TASK OBJECTIVE:
Going down the data below, set down exactly the line with "带大床的标准间, Comfort Inn Manhattan Midtown West" and each line after it through the line with "Китай завершил строительство"; no other lines.

====

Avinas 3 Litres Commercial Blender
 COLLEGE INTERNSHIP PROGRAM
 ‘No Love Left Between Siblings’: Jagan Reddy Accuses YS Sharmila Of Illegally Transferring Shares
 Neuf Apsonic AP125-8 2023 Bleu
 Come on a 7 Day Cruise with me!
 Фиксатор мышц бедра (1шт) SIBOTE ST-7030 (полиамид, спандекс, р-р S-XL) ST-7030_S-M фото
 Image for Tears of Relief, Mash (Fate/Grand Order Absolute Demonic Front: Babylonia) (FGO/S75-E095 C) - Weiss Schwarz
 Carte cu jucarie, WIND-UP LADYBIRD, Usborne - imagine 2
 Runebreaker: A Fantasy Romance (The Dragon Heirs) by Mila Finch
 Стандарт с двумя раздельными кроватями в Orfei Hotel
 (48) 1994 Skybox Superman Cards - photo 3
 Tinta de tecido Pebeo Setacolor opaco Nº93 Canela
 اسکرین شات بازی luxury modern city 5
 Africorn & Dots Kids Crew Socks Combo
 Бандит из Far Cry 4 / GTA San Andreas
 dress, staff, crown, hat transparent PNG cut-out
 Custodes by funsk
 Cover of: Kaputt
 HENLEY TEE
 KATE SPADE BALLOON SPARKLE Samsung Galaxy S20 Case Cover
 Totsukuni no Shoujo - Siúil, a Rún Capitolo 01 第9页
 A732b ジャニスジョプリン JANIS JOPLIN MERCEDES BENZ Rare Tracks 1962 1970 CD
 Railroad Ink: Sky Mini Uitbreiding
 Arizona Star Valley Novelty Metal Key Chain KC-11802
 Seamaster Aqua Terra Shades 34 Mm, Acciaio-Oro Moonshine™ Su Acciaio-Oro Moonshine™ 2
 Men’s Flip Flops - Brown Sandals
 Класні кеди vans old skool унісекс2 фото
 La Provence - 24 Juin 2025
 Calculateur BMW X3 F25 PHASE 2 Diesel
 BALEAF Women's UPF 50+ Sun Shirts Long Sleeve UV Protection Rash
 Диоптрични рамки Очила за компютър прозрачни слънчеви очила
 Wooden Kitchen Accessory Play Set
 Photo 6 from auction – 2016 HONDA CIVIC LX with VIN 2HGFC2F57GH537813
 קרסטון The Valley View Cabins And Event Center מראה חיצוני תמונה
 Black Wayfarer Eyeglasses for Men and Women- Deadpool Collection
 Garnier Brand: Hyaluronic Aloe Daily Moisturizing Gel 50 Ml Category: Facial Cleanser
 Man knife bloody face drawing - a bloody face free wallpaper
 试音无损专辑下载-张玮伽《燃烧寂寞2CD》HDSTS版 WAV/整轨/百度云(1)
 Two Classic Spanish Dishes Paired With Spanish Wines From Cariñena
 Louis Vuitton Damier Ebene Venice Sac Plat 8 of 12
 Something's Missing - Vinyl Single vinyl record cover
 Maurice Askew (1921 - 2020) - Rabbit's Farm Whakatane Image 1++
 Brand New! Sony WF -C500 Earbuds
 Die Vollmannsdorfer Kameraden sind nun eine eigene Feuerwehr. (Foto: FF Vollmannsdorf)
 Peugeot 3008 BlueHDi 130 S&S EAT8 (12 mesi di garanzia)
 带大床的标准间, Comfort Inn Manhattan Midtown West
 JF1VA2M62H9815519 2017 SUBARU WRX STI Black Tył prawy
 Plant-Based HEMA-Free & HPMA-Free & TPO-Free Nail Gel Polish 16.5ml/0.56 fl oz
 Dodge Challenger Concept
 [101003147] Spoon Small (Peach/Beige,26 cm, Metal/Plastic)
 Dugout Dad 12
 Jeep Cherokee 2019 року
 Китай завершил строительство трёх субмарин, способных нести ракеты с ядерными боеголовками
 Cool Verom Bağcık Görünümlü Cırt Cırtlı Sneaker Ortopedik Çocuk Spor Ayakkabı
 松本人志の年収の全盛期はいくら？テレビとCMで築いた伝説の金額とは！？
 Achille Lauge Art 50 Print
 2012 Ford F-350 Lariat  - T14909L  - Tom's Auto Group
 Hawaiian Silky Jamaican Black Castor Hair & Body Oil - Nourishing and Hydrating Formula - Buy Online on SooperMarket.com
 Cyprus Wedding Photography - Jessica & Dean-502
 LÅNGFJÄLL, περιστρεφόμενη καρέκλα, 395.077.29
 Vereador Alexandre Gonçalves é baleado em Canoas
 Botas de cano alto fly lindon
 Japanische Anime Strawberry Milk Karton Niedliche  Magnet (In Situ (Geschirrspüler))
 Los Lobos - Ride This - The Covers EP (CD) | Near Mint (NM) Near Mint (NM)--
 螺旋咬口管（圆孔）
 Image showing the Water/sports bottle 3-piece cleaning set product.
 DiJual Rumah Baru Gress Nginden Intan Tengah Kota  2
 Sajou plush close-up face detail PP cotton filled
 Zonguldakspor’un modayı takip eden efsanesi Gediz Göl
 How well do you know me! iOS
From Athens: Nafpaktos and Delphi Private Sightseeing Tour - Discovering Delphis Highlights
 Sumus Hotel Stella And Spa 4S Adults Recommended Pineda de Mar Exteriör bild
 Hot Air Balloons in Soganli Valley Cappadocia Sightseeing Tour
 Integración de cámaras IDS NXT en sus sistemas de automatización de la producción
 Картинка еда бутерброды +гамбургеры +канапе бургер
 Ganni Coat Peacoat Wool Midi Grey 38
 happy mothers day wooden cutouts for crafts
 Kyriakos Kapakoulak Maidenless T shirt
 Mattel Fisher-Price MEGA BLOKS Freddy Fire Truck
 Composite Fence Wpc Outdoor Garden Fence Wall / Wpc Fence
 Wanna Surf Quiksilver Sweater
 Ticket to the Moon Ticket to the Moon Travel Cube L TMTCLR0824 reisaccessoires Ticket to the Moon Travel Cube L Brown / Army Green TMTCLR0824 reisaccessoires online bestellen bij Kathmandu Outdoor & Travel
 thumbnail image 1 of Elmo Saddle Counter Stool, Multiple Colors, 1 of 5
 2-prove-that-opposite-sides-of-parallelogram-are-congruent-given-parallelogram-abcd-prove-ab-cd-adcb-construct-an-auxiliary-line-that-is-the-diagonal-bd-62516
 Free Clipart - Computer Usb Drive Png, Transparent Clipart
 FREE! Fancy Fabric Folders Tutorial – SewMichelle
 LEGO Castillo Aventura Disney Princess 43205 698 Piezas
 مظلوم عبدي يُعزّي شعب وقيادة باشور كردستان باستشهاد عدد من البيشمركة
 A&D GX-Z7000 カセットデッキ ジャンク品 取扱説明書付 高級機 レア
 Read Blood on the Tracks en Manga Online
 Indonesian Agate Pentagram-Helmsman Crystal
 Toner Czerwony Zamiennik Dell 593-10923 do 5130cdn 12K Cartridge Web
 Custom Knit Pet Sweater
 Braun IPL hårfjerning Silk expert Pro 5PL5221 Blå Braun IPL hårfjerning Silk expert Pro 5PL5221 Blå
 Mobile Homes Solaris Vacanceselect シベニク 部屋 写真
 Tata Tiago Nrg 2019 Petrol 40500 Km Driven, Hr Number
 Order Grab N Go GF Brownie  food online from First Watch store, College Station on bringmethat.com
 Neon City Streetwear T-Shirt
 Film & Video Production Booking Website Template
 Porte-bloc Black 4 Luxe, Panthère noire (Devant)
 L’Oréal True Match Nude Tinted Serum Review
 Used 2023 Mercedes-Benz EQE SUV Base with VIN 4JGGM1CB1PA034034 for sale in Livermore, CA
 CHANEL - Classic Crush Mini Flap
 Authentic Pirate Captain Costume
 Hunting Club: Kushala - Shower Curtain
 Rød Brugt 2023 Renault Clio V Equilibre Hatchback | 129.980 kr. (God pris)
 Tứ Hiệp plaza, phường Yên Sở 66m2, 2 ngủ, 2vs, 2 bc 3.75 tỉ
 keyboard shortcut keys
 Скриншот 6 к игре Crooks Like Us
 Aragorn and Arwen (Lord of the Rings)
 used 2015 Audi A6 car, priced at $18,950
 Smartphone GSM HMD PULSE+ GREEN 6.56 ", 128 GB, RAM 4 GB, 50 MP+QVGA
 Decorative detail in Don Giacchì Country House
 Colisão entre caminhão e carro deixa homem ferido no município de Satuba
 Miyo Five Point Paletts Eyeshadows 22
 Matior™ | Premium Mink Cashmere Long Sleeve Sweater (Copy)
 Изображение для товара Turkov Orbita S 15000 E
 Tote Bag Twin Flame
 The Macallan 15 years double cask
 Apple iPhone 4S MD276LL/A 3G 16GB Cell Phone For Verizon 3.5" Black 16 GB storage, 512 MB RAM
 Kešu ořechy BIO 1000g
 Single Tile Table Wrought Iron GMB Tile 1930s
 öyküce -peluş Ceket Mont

====

ANSWER SPACE:
 带大床的标准间, Comfort Inn Manhattan Midtown West
 JF1VA2M62H9815519 2017 SUBARU WRX STI Black Tył prawy
 Plant-Based HEMA-Free & HPMA-Free & TPO-Free Nail Gel Polish 16.5ml/0.56 fl oz
 Dodge Challenger Concept
 [101003147] Spoon Small (Peach/Beige,26 cm, Metal/Plastic)
 Dugout Dad 12
 Jeep Cherokee 2019 року
 Китай завершил строительство трёх субмарин, способных нести ракеты с ядерными боеголовками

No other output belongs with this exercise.